--- Dataset content Enclosed Below ---

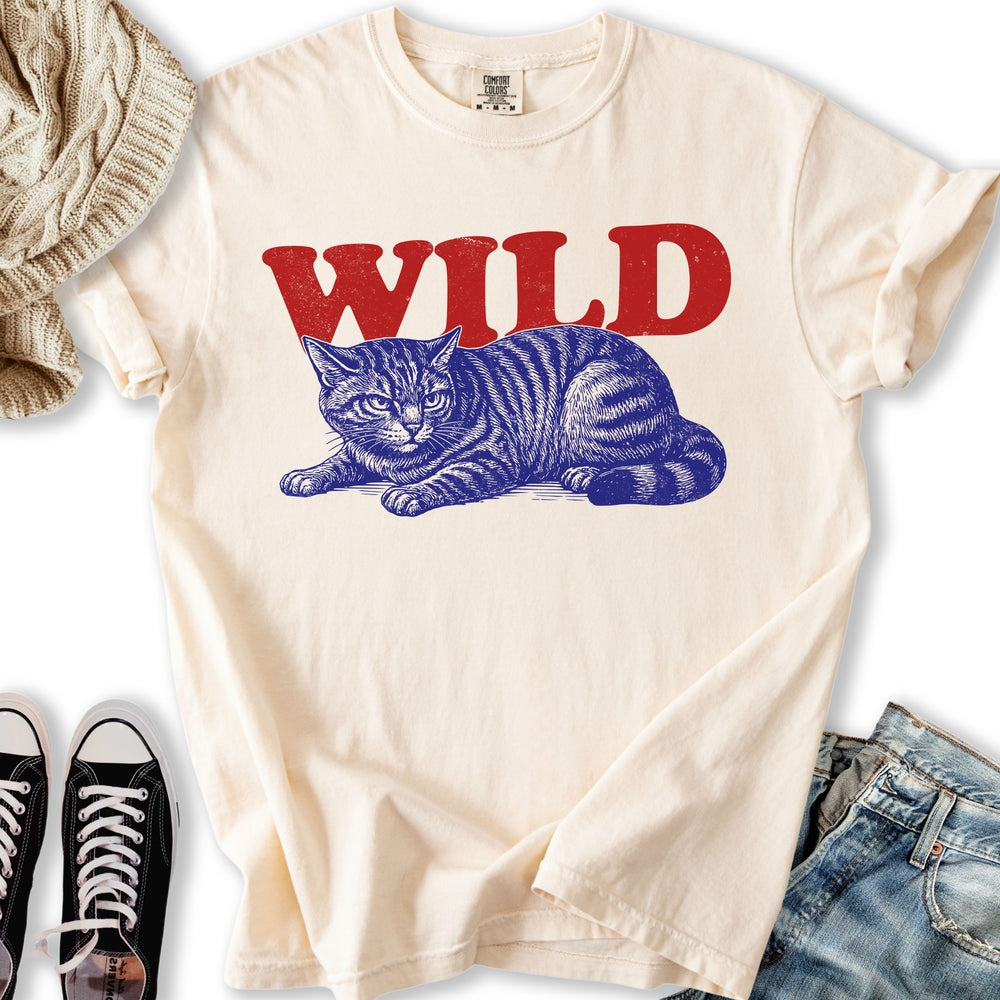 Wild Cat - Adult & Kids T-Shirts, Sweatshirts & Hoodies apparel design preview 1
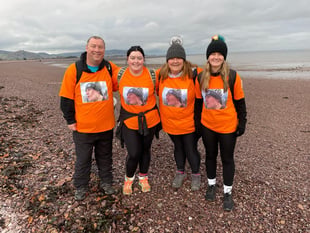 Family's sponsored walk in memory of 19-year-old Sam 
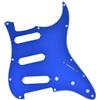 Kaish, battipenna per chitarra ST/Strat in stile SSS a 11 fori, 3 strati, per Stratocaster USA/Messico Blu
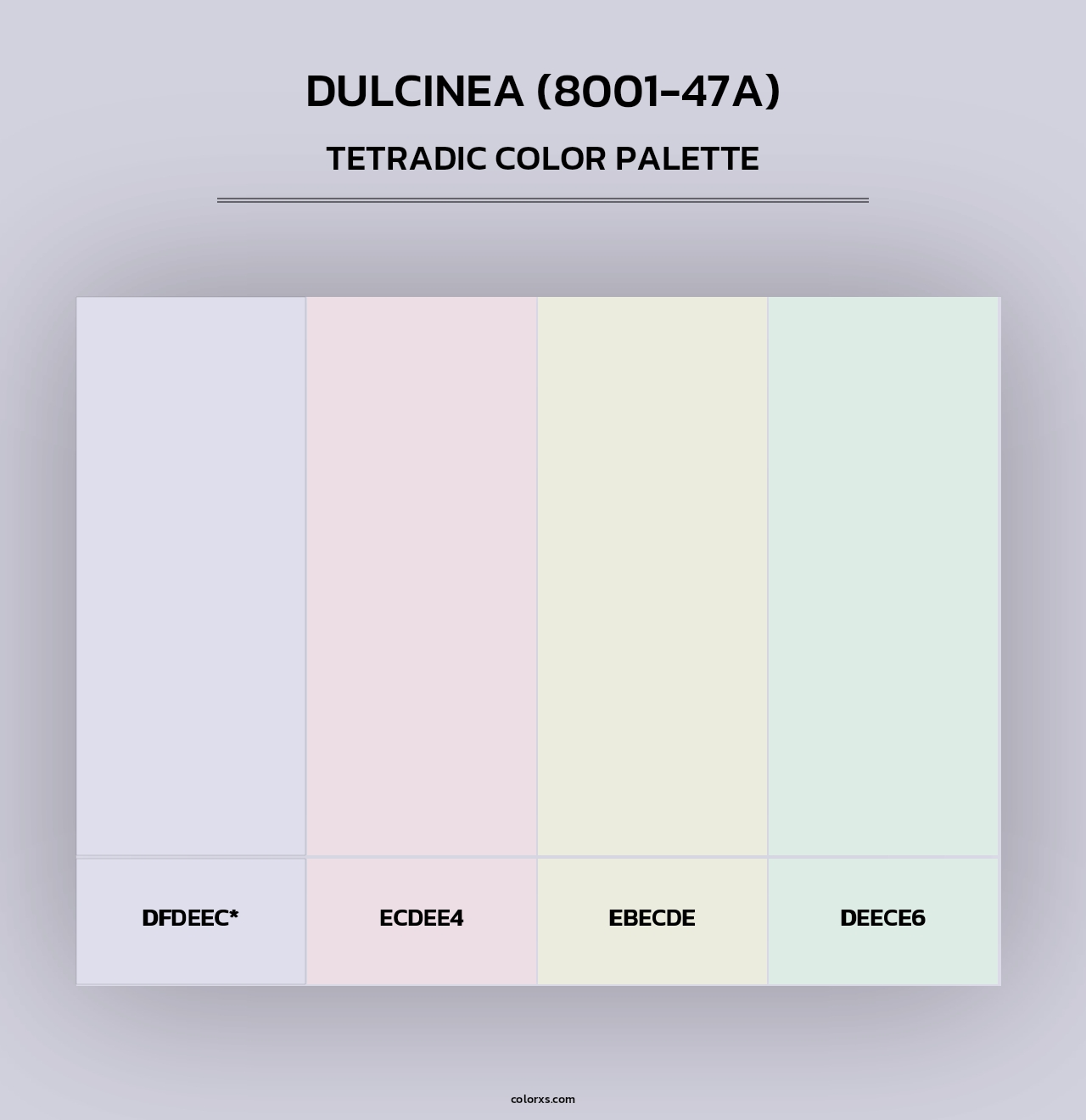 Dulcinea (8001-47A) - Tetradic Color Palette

--- End of Enclosed Dataset content ---

Write out, exactly as they appear, the lines from the one containing "Family's sponsored walk" through the end of the material above, excluding pictures.

 Family's sponsored walk in memory of 19-year-old Sam 
 Kaish, battipenna per chitarra ST/Strat in stile SSS a 11 fori, 3 strati, per Stratocaster USA/Messico Blu
 Dulcinea (8001-47A) - Tetradic Color Palette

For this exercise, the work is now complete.